The Shauna Taylor Case was a 2018 criminal trial involving the investigation and conviction of Shauna Dee Taylor, a Floridian housewife who had poisoned her prematurely-born infant daughter (unnamed in public sources) with Tylenol iron supplements, causing acute liver damage due to iron poisoning, from which the child unexpectedly survived. The case rose to further prominence in 2019 when two of Shauna's then-grown adult children, Annie and Joshua Taylor, appeared publicly on the daytime talk show Dr. Phil, reporting that all 10 children documented as being under Shauna's care at one point or another, including themselves, had been subjected to severe physical, verbal and medical abuse. Shauna was diagnosed with Munchausen by proxy and convicted to 12 years in prison for aggravated child abuse, with 15 months of parole to follow.

Background
Shauna and her husband Bill Taylor lived in various US states in the time in which they had their children, having amassed a family of 10 children, later having several of these children removed from their care due to allegations of abuse in California and Arizona. Bill claimed to have no knowledge of Shauna's abuse of the children, arguing that he was absent from the family most of the time for work-related reasons. He divorced Shauna after the poisoning of their infant daughter. "The time that these poisonings occurred, I had been out of the home already for six months and I was working six days a week, 10 hours a day," Bill said in 2019. "On the several visits to the emergency room, I was scratching my head thinking, my gosh. How could all my kids have such severe medical issues?"

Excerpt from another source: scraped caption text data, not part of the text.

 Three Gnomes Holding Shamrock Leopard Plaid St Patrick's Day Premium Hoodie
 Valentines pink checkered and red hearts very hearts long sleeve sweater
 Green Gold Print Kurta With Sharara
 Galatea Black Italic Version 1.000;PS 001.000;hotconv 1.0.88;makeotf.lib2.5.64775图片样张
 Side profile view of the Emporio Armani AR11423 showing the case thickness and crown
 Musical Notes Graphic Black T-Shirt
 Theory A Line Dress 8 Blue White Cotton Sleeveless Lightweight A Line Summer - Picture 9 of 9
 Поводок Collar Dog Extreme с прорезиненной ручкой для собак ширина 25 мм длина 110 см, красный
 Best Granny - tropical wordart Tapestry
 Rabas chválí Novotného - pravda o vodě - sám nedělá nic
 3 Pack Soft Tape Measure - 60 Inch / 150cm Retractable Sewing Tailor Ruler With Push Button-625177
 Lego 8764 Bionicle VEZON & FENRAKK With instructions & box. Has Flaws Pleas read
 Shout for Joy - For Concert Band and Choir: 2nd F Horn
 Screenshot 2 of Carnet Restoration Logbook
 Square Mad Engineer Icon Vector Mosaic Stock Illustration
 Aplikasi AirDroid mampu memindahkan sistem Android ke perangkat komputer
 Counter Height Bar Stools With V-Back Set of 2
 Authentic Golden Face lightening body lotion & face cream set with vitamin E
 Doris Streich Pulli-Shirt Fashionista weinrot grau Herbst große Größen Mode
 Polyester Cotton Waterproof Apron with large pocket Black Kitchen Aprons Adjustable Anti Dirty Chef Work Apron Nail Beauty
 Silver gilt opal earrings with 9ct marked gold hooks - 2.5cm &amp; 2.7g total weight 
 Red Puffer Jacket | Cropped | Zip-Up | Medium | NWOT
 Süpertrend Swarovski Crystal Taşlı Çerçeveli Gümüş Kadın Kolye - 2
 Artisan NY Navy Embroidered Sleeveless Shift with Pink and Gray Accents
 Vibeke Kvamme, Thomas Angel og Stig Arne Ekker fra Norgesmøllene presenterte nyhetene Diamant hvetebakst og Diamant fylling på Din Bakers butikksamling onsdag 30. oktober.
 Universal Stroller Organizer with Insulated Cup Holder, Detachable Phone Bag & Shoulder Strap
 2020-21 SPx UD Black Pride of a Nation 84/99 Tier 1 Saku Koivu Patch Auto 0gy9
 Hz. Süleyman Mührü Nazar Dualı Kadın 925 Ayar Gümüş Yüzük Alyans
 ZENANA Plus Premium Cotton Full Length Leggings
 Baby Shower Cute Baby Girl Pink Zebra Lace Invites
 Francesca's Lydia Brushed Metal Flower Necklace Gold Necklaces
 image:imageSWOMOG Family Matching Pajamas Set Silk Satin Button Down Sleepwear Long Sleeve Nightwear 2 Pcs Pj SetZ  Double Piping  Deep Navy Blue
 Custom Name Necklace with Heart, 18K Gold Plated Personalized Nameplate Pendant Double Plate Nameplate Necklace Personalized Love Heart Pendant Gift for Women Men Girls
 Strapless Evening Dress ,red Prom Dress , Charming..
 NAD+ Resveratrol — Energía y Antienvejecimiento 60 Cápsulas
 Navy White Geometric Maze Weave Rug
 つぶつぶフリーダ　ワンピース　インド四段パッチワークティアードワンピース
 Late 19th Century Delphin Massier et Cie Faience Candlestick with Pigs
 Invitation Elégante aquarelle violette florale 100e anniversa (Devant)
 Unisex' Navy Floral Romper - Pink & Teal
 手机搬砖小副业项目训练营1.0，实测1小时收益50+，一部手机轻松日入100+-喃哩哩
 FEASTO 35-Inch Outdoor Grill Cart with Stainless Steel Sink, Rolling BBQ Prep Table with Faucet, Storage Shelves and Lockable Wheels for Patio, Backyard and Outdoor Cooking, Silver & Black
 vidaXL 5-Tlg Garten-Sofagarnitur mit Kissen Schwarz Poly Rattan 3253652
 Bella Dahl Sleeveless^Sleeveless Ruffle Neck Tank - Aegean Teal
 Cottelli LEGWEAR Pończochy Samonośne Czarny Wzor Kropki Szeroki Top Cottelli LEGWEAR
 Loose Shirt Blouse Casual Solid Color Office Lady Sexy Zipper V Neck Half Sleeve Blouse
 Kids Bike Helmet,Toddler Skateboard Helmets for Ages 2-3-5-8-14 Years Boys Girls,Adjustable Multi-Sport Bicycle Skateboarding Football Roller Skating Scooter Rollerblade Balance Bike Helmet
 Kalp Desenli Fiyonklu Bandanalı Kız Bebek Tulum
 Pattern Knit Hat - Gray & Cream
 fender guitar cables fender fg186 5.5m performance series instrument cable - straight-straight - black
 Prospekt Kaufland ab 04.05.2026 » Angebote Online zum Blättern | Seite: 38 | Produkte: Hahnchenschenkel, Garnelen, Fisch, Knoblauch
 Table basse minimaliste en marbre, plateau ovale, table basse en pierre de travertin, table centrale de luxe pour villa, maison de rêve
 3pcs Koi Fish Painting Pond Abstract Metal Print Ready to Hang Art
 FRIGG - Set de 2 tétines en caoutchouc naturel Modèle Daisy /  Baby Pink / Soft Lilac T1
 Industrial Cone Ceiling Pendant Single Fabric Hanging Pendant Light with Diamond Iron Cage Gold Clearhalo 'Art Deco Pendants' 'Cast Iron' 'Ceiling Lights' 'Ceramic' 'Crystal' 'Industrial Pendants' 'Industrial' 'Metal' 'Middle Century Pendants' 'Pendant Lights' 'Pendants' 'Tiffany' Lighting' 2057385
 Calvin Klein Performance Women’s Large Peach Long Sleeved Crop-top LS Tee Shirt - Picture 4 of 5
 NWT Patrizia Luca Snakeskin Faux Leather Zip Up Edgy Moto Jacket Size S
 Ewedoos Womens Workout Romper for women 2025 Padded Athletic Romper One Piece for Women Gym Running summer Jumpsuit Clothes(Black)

It is unclear to what extent Shauna abused the children under her care. Annie Taylor alleged on Dr. Phil that she had been given unprescribed insulin in glasses of milk by Shauna when she was a child, with no medical advice from a doctor or nurse. Annie had also had two spinal taps, seemingly for no apparent recorded medical reason. Josh Taylor reported children, including himself, being put in dog cages as a form of humiliation while Shauna shouted profanities at them, being force-fed milk and money (metal coins that he would be made to swallow whole), and forcibly drugged with various over the counter and prescription medications. Shauna reportedly had an obsessive fixation on injuring the livers of her children and would damage their internal organs with repeated drugging and beatings. Annie and Josh reported that they continued to suffer the effects of this abuse into adulthood. These allegations made on Dr. Phil were later verified by ABC News, which revealed that Shauna's parental rights to the children had long-since been terminated.

Attempted murder case
Shauna Taylor was 40 years old and a resident of Macclenny, Florida when she had an infant daughter born premature in late 2012, whom she began bringing to emergency rooms in 2013 for unspecified illnesses. The child was presenting with severe liver damage. According to investigators, in each of Shauna's initial visits to the hospital, Shauna included "exaggerated" and falsified symptoms of the child's health, having not yet been able to poison the child's liver until she had enough iron pills ready for doing so. In the third visit, the child was said to have experienced liver failure. "While the child was admitted to the hospital, [Shauna] would be there with the child and while she was there, she would administer the Tylenol to continue the abuse," according to Baker County Sheriff's Office Sergeant Tracie Benton, the lead detective on the case. Ultrasounds of the girl's liver showed abnormalities, and blood tests turned up high levels of iron. Around that time, investigators began receiving anonymous tips claiming that Taylor had Munchausen by proxy and was abusing the child. Those tipsters also informed investigators about a fundraising campaign online for the child, started by Shauna for the purposes of collecting money. Medical experts were able to test the child for certain poisons related to liver failure and determined there was iron in the child's system well above regular levels.  Eventually, after being removed from Shauna's care and given proper healthcare, the child's liver function returned to normal while she was in the hospital. Because the child survived, her name was never revealed by public news sources, and Shauna moved on to another state for habitation, leaving the case largely buried.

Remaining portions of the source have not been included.